What needs to be done:
Retype the data that follows line by line, exactly, and leave its pictures out.

Data section:
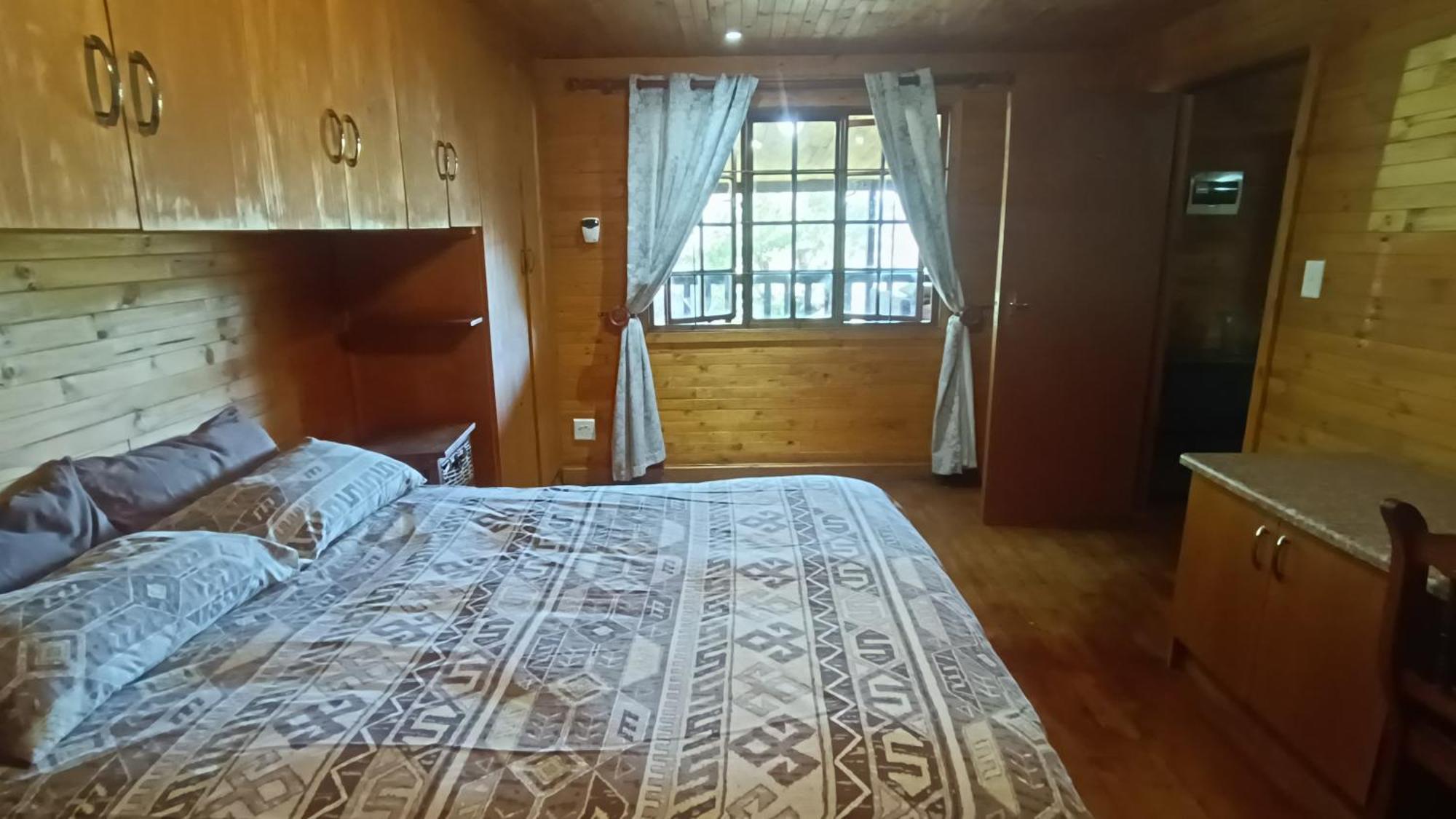 Koinonia Bush Lodge Hartbeespoort Esterno foto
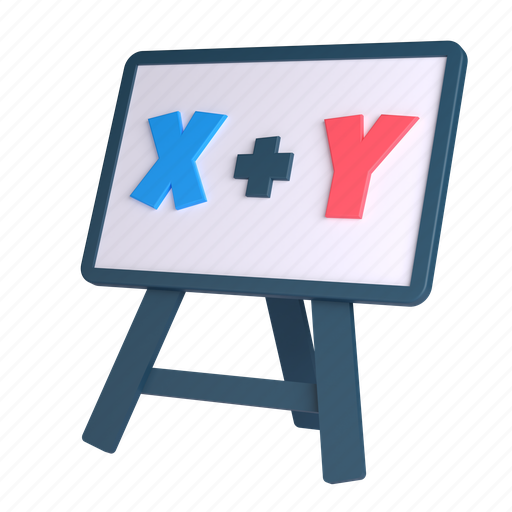 School, whiteboard, study, education, chalkboard, classrom, learning icon - Download on Iconfinder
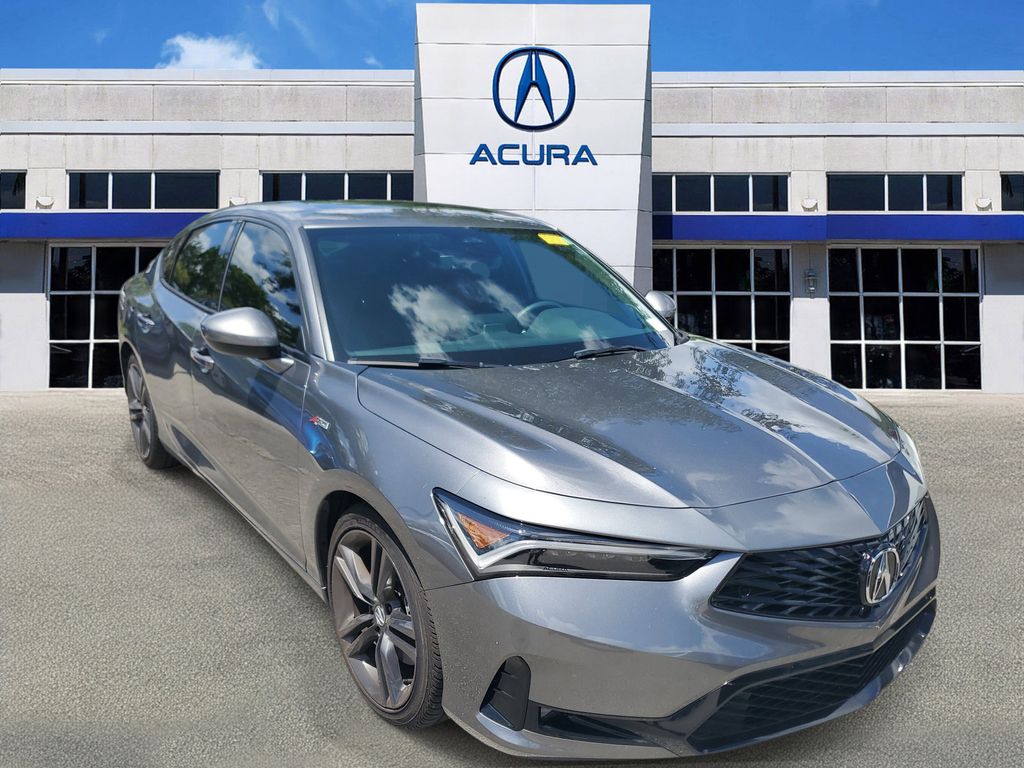 2025 Acura Integra A-Spec's photo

Solved problem:
 Koinonia Bush Lodge Hartbeespoort Esterno foto
 School, whiteboard, study, education, chalkboard, classrom, learning icon - Download on Iconfinder
 2025 Acura Integra A-Spec's photo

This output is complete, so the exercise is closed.